December 12 Friday – Sam took a train from Buffalo at 12:30 A.M. and arrived at Ann Arbor, Mich. at 10 A.M. Sam wrote from Ann Arbor to Livy:

December 12, 1885 Saturday 

December 12 Saturday – The New York Critic printed an interview with Sam’s mother, Jane Clemens: Sam as a boy avoided school, though he enjoyed reading [Tenney 14].

December 12, 1886 Sunday

December 12 Sunday – William Dean Howells, back in Boston after attending the funeral of his sister in Ohio, wrote to Sam.

December 12, 1887 Monday 

December 12 Monday – Charles J. Devlin on Spring Valley Coal, Ill. letterhead acknowledged receipt of Sam’s letter and that they were transferring the books “over to the K. of L. Library” [MTP].

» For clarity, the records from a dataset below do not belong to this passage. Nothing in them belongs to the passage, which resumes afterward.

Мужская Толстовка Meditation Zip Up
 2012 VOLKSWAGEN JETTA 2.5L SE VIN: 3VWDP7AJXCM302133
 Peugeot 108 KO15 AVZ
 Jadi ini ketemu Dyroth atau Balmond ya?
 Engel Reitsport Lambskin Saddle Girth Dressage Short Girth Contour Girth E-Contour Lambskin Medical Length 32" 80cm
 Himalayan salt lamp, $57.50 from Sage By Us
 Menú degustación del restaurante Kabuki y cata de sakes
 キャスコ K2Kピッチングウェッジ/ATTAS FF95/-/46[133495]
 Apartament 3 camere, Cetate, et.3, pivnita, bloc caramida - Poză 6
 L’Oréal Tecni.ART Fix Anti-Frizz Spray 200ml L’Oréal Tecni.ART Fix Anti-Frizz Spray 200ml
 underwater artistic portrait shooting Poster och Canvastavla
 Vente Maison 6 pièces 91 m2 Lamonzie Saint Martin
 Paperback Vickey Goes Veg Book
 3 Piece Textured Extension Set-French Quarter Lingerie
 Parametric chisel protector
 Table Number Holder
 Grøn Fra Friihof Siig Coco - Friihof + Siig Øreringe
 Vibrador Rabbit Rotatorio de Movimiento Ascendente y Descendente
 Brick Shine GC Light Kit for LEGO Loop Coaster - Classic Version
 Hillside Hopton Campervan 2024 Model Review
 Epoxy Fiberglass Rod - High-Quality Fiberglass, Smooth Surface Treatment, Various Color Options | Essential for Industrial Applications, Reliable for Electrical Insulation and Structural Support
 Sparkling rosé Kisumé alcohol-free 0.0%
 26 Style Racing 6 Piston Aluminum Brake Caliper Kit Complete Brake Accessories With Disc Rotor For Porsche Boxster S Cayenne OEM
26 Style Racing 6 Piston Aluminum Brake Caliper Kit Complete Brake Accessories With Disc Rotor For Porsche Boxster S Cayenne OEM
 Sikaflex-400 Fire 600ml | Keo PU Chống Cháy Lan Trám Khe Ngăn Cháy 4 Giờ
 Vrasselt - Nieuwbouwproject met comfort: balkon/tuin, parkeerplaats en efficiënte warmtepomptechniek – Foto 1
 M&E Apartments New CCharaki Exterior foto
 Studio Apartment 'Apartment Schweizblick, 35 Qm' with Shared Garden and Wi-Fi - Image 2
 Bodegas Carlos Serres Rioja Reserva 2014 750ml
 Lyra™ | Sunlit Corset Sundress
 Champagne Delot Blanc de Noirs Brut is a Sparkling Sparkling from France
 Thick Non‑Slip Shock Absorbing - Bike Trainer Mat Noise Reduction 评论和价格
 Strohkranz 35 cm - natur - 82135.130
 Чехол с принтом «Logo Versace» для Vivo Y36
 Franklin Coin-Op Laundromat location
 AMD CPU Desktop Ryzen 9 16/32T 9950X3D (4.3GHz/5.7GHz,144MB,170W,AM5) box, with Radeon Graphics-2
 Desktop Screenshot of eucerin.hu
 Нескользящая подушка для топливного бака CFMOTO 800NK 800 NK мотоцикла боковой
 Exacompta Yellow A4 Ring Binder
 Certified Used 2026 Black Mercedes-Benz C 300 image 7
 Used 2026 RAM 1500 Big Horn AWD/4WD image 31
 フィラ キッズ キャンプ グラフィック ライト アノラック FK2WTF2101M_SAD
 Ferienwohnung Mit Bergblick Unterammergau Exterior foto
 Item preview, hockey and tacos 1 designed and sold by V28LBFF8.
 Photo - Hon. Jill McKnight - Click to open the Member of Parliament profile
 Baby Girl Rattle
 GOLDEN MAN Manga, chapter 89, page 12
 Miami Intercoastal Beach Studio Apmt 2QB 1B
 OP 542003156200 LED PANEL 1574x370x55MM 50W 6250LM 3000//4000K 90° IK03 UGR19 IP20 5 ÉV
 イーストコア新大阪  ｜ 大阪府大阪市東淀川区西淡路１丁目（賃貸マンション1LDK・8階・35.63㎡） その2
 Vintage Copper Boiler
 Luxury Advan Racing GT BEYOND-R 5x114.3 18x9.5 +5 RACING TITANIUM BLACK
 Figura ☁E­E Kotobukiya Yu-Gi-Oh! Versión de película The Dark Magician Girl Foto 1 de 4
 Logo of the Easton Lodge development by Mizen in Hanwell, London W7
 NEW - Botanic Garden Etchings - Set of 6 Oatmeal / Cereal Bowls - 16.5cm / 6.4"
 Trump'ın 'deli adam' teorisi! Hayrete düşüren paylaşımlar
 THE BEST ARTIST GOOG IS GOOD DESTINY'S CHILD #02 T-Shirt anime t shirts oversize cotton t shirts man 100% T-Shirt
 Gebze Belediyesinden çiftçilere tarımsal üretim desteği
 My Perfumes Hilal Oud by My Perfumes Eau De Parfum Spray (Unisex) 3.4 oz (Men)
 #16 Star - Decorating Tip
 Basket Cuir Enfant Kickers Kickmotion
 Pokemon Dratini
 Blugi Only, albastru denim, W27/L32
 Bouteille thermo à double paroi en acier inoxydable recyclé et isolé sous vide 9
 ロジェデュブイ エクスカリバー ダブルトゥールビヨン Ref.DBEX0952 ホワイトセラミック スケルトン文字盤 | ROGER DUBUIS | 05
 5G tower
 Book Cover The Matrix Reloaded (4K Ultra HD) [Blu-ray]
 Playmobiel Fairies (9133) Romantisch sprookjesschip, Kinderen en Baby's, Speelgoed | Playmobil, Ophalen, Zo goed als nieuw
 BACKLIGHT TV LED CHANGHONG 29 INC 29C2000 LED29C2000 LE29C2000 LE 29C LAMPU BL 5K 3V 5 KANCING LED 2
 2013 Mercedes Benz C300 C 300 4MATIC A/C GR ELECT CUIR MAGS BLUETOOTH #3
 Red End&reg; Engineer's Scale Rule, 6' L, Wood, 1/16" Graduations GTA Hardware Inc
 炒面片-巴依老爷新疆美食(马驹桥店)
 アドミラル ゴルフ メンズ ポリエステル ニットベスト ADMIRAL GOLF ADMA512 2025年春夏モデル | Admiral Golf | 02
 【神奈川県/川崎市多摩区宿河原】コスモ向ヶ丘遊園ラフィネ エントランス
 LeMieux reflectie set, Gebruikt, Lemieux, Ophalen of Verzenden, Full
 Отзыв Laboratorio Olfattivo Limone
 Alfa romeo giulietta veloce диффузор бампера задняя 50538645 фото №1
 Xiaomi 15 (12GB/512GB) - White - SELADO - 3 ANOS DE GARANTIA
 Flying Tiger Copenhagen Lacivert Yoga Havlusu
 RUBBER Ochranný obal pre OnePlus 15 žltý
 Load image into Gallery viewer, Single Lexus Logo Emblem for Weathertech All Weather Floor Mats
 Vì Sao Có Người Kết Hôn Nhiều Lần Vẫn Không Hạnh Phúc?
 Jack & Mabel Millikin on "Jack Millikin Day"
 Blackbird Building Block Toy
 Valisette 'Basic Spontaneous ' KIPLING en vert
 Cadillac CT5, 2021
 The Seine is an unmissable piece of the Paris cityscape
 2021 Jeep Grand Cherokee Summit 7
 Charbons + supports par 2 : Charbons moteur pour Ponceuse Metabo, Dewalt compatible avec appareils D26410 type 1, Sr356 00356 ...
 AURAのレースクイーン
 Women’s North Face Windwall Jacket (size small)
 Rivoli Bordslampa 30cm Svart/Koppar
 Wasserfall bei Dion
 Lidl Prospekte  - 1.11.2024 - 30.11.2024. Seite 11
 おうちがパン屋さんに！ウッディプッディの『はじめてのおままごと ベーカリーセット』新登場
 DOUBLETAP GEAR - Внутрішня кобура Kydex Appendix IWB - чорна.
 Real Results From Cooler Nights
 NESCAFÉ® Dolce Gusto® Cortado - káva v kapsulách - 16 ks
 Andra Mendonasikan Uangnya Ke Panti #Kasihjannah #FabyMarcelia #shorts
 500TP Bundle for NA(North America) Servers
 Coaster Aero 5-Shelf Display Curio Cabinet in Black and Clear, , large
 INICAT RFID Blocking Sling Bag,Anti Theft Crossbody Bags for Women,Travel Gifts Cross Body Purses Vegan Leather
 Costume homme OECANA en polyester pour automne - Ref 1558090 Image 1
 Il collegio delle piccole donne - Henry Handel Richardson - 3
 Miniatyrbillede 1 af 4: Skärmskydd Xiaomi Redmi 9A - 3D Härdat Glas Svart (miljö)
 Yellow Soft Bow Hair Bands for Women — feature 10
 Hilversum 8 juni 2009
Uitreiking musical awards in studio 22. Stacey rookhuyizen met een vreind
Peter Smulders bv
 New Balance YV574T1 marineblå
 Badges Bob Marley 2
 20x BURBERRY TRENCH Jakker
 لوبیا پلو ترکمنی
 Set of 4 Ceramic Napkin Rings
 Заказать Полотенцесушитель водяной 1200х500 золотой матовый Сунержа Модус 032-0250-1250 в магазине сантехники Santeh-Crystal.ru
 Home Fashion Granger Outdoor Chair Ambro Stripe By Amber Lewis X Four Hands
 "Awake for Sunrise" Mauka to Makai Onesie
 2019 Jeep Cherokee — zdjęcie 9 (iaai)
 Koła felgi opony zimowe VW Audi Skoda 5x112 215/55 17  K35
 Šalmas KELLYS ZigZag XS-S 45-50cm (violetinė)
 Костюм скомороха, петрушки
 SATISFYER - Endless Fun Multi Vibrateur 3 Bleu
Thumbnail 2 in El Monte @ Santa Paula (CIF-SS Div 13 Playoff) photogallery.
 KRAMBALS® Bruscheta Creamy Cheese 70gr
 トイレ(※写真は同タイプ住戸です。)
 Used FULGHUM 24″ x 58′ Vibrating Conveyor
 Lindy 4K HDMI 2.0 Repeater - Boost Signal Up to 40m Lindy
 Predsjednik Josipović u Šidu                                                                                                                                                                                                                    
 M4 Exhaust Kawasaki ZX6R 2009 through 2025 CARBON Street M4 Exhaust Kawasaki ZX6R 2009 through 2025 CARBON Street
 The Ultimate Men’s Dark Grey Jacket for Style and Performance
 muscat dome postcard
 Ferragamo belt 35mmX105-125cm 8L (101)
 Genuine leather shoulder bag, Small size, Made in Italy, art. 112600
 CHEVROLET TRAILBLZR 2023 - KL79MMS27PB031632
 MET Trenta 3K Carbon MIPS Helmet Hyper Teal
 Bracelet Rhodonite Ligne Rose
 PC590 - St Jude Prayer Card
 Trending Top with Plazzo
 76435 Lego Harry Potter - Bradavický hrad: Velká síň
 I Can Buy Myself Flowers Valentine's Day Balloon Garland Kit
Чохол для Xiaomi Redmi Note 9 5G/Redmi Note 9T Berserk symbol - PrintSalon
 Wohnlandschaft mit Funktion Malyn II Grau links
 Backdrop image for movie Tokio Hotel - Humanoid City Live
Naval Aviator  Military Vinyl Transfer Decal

Check #  Payee  Amount  [Notes]

3935  Mrs. J.H. Barton  30.00

December 12, 1889 Thursday

December 12 Thursday – A day or two before, Livy wrote (letter not extant) to Col. John M. Wilson that Sam was too ill to keep his Dec. 14 engagement at West Point. Wilson answered on this day:

My dear Mr. Clemens:

      Mrs. C’s letter is just received and I regret that you are ill.

December 13, 1879 Saturday

December 13 Saturday  Sam read Robert Green Ingersoll’s Chicago speech to the young ladies at the Saturday Morning Club of Hartford [MTLE 4: 180].

Irving S. Upson wrote from Rutgers College to honor Sam with membership in their Literary Society [MTP].

December 13, 1880 Monday 

December 13 Monday – Sam wrote from Hartford to James R. Osgood. Sam placed a small order for two books and added,

“I’ve accepted invitation for supper in N.Y. midnight, 20th —they said you & Howells & Aldrich would be there” [MTLE 5: 225].

Sam’s “Letter to the Bazaar Bulletin” for a charity event in Buffalo, was reprinted in the Hartford Courant [Camfield, bibliog.].